**PROBLEM DETAILS:** Set down the records once more, please, exactly and with the pictures left out.

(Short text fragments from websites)
#####
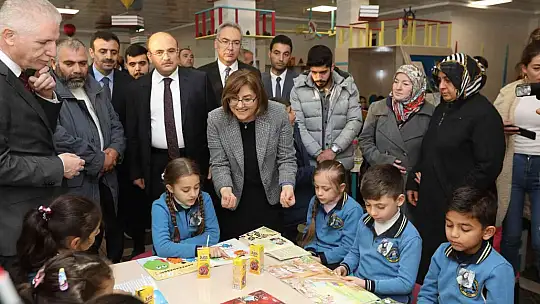 Şehit Öğretmen Ayşenur Alkan'ın ismi kütüphanede yaşayacak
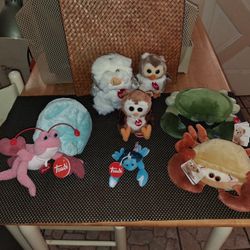 Trudy Plush Animals Vintage. Beach Theme And Owls. Must Sell Has A Bundle/ Set. All Sales Final.
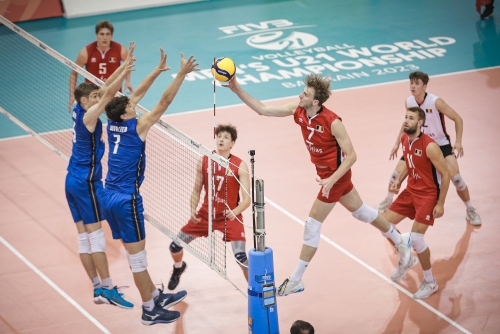 Argentina storm into semi-finals Argentina storm into semi-finals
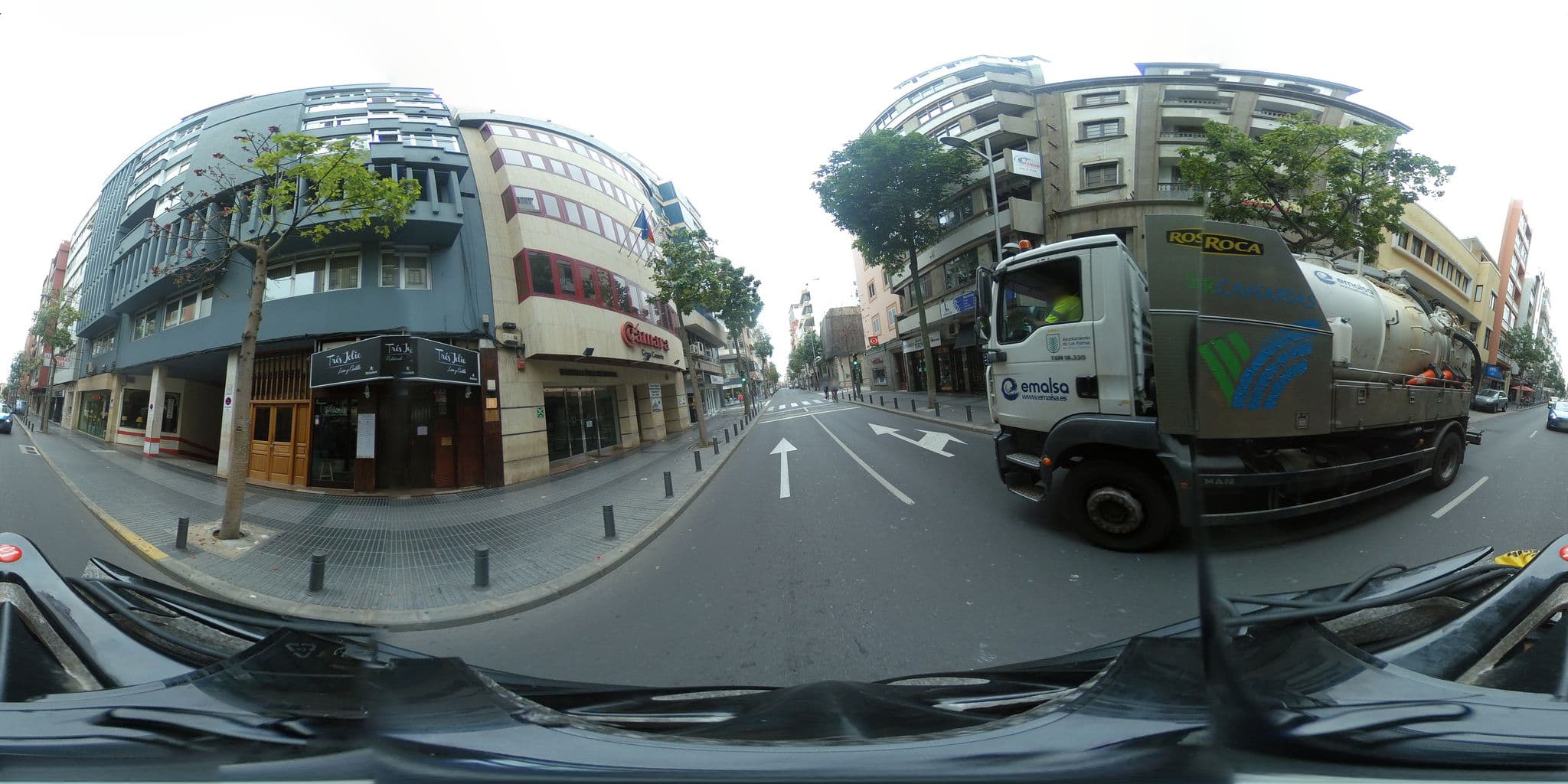 Street view near Casa Andrea León y Castillo, Las Palmas de Gran Canaria — © javiersanp (CC BY-SA · Mapillary)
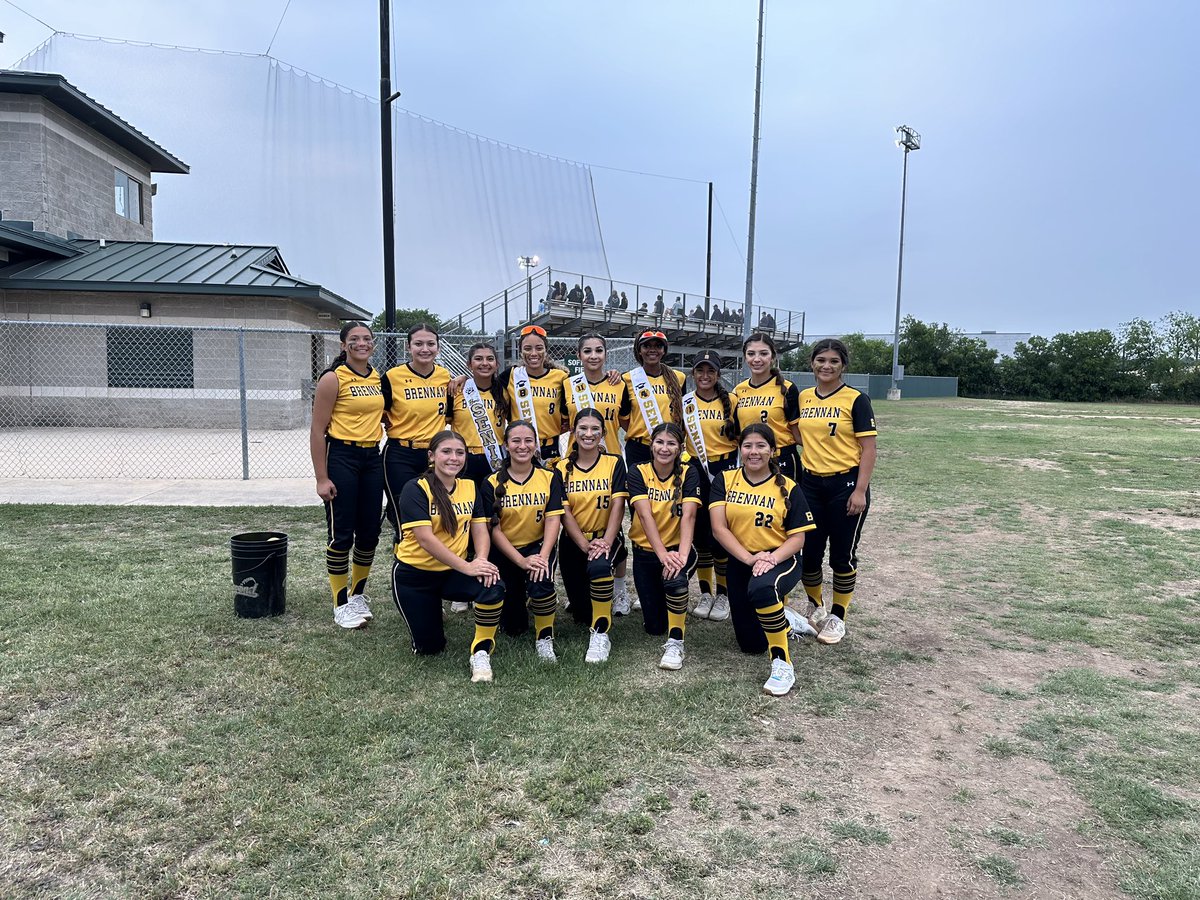 That’s a wrap for district play! Senior game ends with a win 9-0 over Jay. Highlights: Nat pitched the shutout to take the win. Bears totaled 9 hits. Day -3 (2 RBIS), Bri - 2 (2 RBIs), Chris- 2 (1 RBI), Chenai -1 (2 RBIs), Avery - 1 (1 RBI) Great job ladies!💪🏽🥎🐻🌻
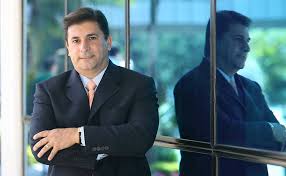 O jornalista carlos nascimento, apresentador oficial do sbt brasil, principal telejornal da emissora de silvio santos, pode estar com os dias contatos e poderá não renovar o seu contrato com o canal. F5 Televisao Carlos Nascimento E Afastado De Suas Funcoes No Sbt 16 04 2020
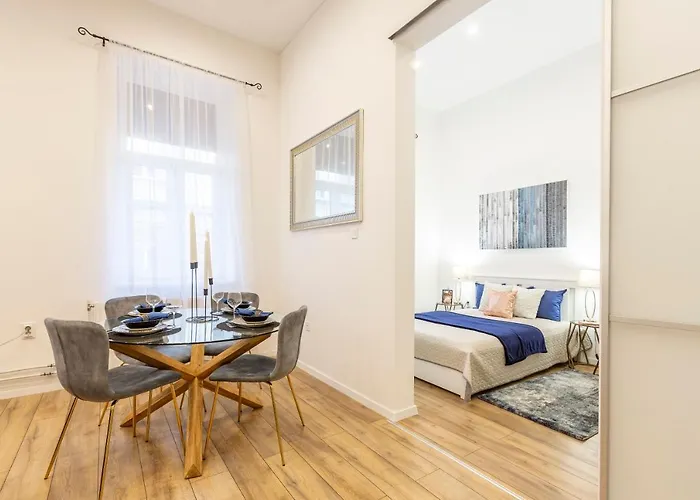Stylish Luxury By Anna Budapesta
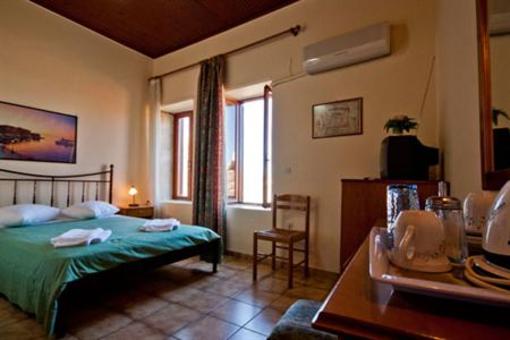 фото отеля Helena Hotel Chania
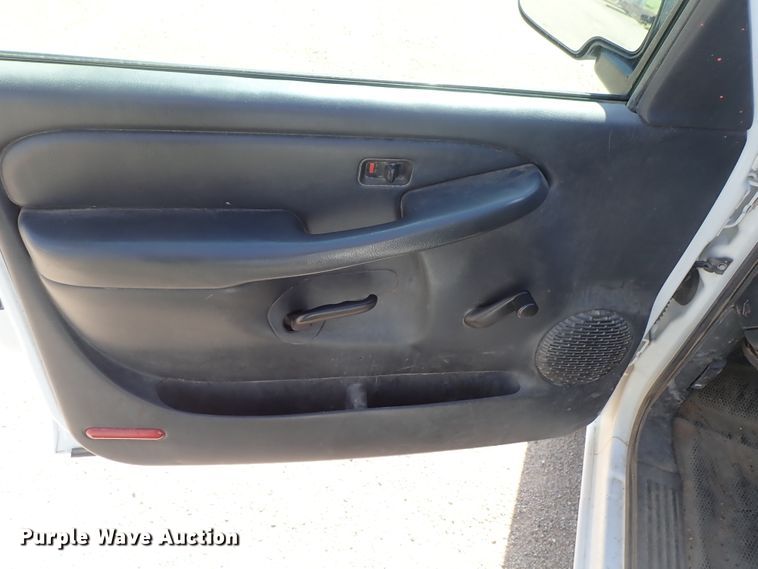 image for item DE5560 2002 Chevrolet Silverado 1500 Ext. Cab pickup truck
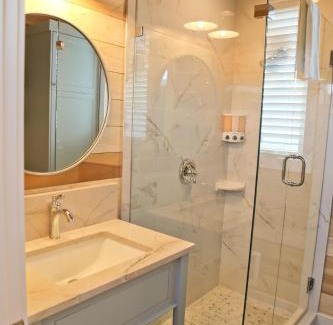 Escalante House | Escalante Escapes Holly Hock- King Escape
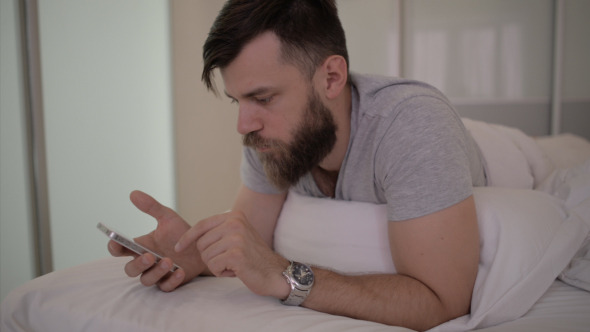 Using Apps in Smartphone  alt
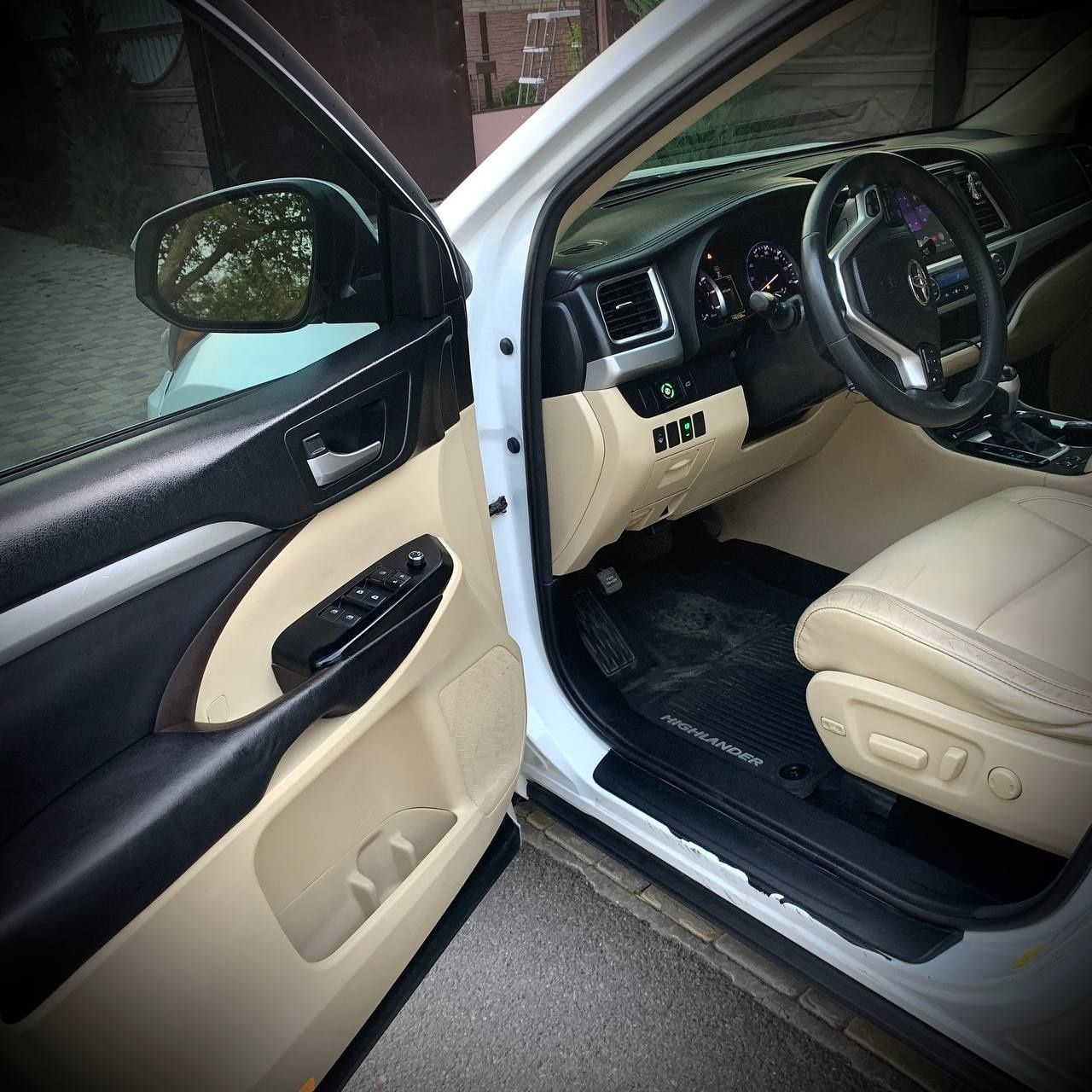 Toyota Highlander XLE 2016 3.5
#####
**ANSWER SPACE:**
 Şehit Öğretmen Ayşenur Alkan'ın ismi kütüphanede yaşayacak
 Trudy Plush Animals Vintage. Beach Theme And Owls. Must Sell Has A Bundle/ Set. All Sales Final.
 Argentina storm into semi-finals Argentina storm into semi-finals
 Street view near Casa Andrea León y Castillo, Las Palmas de Gran Canaria — © javiersanp (CC BY-SA · Mapillary)
 That’s a wrap for district play! Senior game ends with a win 9-0 over Jay. Highlights: Nat pitched the shutout to take the win. Bears totaled 9 hits. Day -3 (2 RBIS), Bri - 2 (2 RBIs), Chris- 2 (1 RBI), Chenai -1 (2 RBIs), Avery - 1 (1 RBI) Great job ladies!💪🏽🥎🐻🌻
 O jornalista carlos nascimento, apresentador oficial do sbt brasil, principal telejornal da emissora de silvio santos, pode estar com os dias contatos e poderá não renovar o seu contrato com o canal. F5 Televisao Carlos Nascimento E Afastado De Suas Funcoes No Sbt 16 04 2020
Stylish Luxury By Anna Budapesta
 фото отеля Helena Hotel Chania
 image for item DE5560 2002 Chevrolet Silverado 1500 Ext. Cab pickup truck
 Escalante House | Escalante Escapes Holly Hock- King Escape
 Using Apps in Smartphone  alt
 Toyota Highlander XLE 2016 3.5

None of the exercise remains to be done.